- Activity -
Without the pictures, output all of the data exactly.

- Provided data -
--
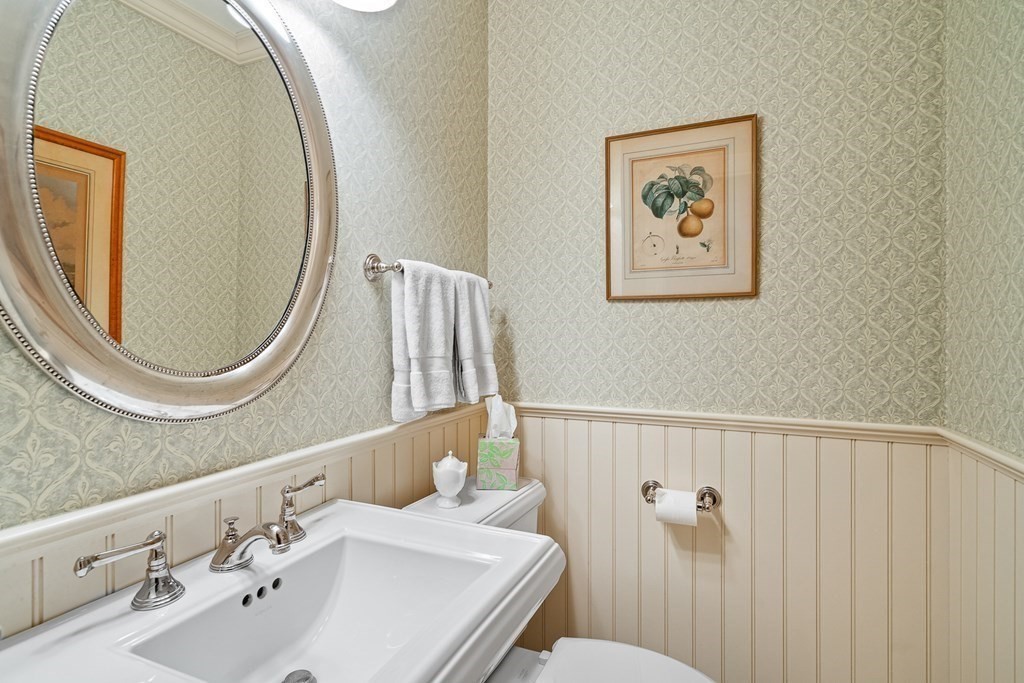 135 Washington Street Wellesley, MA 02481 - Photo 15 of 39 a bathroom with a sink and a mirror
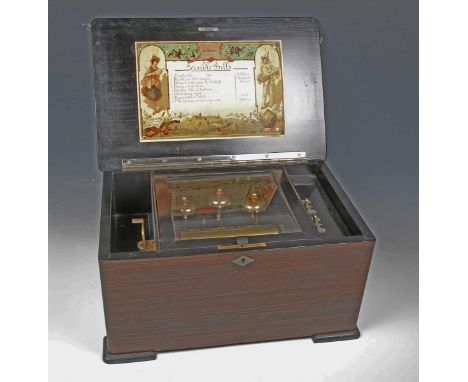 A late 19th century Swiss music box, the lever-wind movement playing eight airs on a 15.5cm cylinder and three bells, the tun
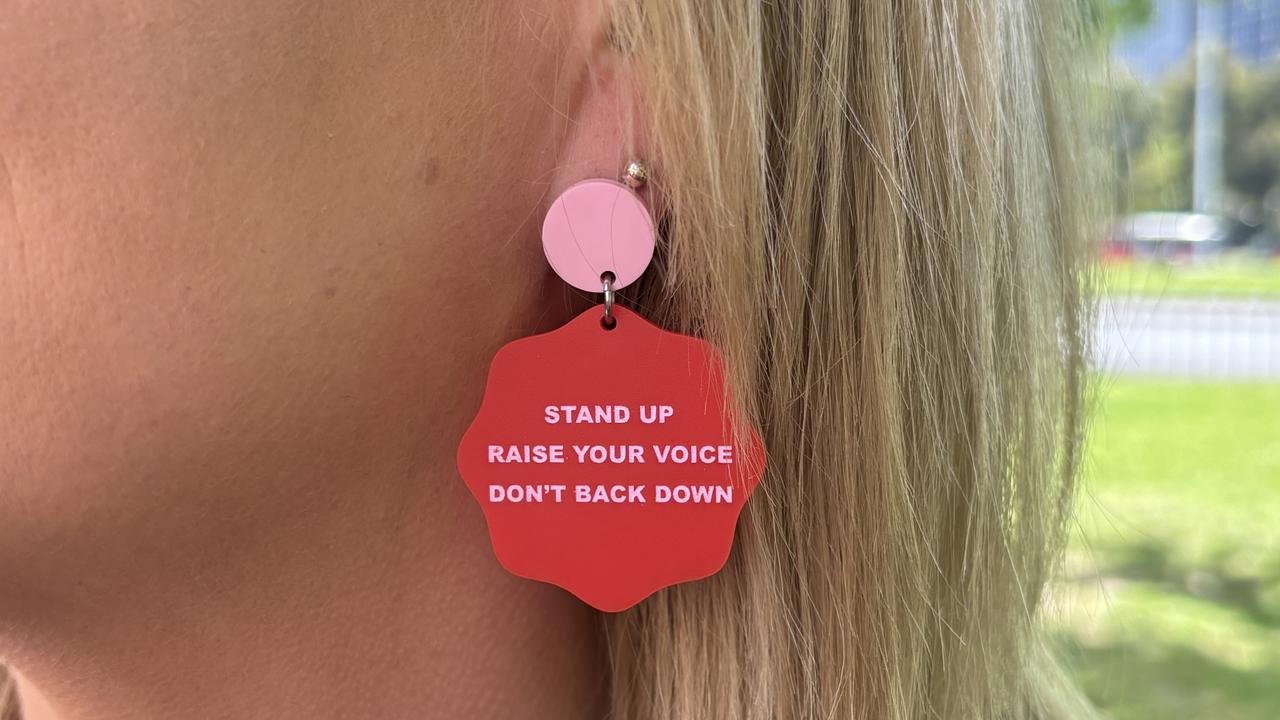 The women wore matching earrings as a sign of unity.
--
- Task solution -
 135 Washington Street Wellesley, MA 02481 - Photo 15 of 39 a bathroom with a sink and a mirror
 A late 19th century Swiss music box, the lever-wind movement playing eight airs on a 15.5cm cylinder and three bells, the tun
 The women wore matching earrings as a sign of unity.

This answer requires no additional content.